The second half of tonight's craptacular movie double feature is "The Incredibly Strange Creatures Who Stopped Living and Became Mixed-Up Zombies" (IMDB), a 1964 film about... um, I'm not entirely sure. Supposedly it's a zombie flick, but if you're looking for gory braineating living dead action you're going to be bitterly disappointed. Some brave Wikipedian tried to summarize the plot thusly:
Jerry (Steckler as "Flagg"), his girlfriend Angela (Sharon Walsh), and his buddy Harold (Atlas King) head out for a day at the carnival. In one venue, a dance number is performed by Marge (Carolyn Brandt), an alcoholic who drinks before and between shows, and her partner, Bill Ward, for a small audience. There Jerry sees stripper Carmelita (Erino Enyo) who hypnotizes him with her icy stare and he is compelled to see her act. Carmelita is the young sister of powerful fortune-teller Estrella (Brett O'Hara), and Estrella turns Jerry into a zombie by hypnotizing him with a spiraling wheel. He then goes on a rampage, killing Marge and fatally wounding Bill. Later, Jerry attempts to strangle his girlfriend Angela as well. It develops that Estrella, with her henchman Ortega (Jack Brady), has been busy turning various patrons into zombies, apparently by throwing acid on their faces.
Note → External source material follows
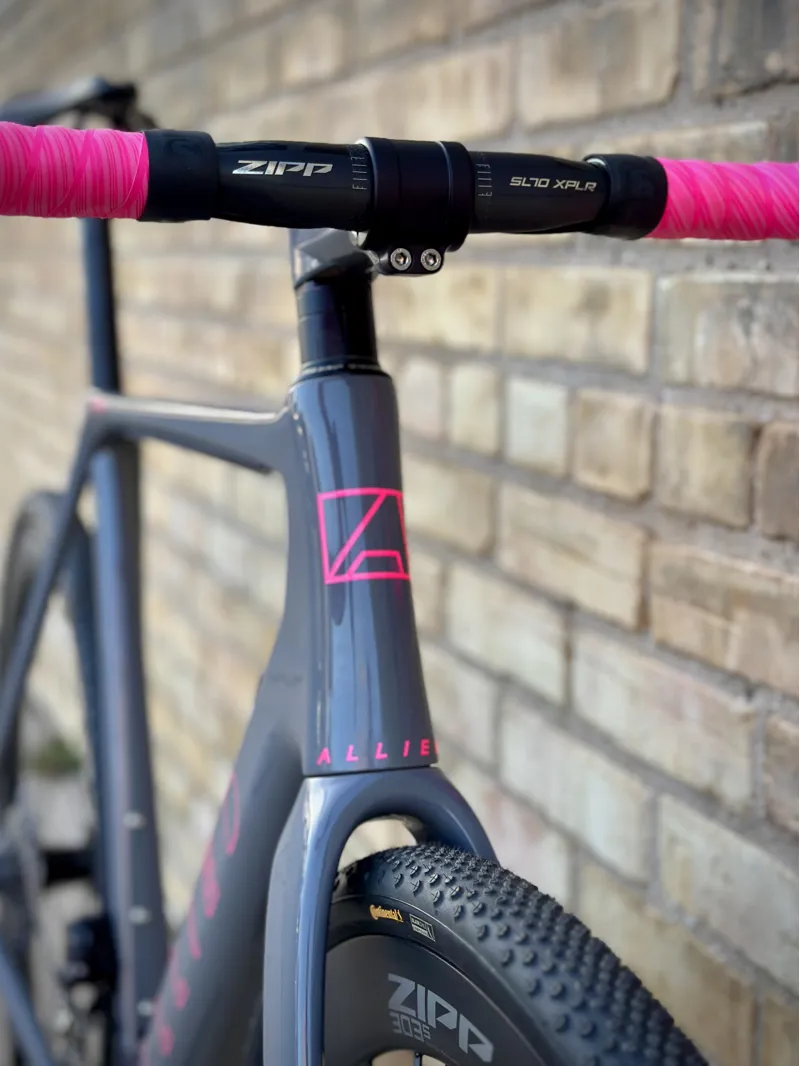 Allied Echo Gravel Bike Rival AXS Zipp 303s : Dove Grey - Size MD -4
Interspersed through the film are several song-and-dance production numbers in the carnival's nightclub, with songs like "Choo Choo Ch'Boogie" and "Shook out of Shape". The titular zombies only make an appearance in the final act, where they escape and immediately kill Estrella, Carmelita, Ortega and several performers before being shot by police. Jerry, himself partially disfigured but not a zombie, escapes the carnival and is pursued to the shoreline, where the police shoot him dead in front of Angela and Harold.
If anything, the movie makes even less sense than the summary does. The one actual scary bit is that our hapless punk-kid protagonist (who's also the film's director) bears an uncanny resemblance to Timothy McVeigh, the Oklahoma City bomber. Not sure how they pulled that one off, to be honest. Everyone else in the movie comes off as bored or drunk. Maybe it's just the lighting, or the soundtrack, or the cast just didn't grasp the director's singular vision, or something.
It turns out that (so sayeth IMDB) this movie used the same sound stage as The Creeping Terror, which is the thin thread I'm using to tie this double feature together. Makes more sense than either of the movies, if you ask me.